Die Abkühlung des US-Immobilienmarktes hinterlässt unerwartet tiefe Spuren in der Bilanz der britischen Bank HSBC.

HB LONDON/NEW YORK. Europas größtes Geldhaus teilte am Mittwochabend mit, die Rückstellungen für faule Kredite dürften um 1,8 Mrd. Dollar oder ein Fünftel höher liegen, als von Analysten im Schnitt erwartet. Grund sei, dass im US-Immobiliengeschäft gerade bei jüngeren Krediten immer mehr Schuldner mit schlechterer Bonität in Zahlungsversäumnis gerieten. Insgesamt soll sich die Risikovorsorge auf etwa 10,6 Mrd. Dollar belaufen.

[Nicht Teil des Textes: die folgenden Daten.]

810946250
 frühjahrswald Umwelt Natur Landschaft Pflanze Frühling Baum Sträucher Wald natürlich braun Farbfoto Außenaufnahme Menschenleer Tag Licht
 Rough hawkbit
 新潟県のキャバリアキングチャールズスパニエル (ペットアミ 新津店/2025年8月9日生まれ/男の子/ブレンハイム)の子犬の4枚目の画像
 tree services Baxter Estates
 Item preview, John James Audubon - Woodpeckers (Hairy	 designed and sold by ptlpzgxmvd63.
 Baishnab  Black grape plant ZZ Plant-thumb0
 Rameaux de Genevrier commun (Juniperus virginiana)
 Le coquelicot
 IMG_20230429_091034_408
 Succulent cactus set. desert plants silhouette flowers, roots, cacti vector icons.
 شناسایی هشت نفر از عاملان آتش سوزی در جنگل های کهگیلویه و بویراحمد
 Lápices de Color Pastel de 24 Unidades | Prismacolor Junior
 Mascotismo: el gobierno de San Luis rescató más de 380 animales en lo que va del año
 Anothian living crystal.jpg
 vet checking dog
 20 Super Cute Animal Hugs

Die HSBC-Aktie verlor in London am Vormittag 2,6 Prozent auf 907 Pence. Mit umgerechnet deutlich über 160 Mrd. Euro Marktkapitalisierung sind die Briten aber nach wie vor Europas größte Bank. Zumindest in einem Punkt konnte HSBC die Anleger beruhigen: Abgesehen von den Problemen mit Hypotheken in den USA habe die Geschäftsentwicklung 2006 den Erwartungen entsprochen, hieß es.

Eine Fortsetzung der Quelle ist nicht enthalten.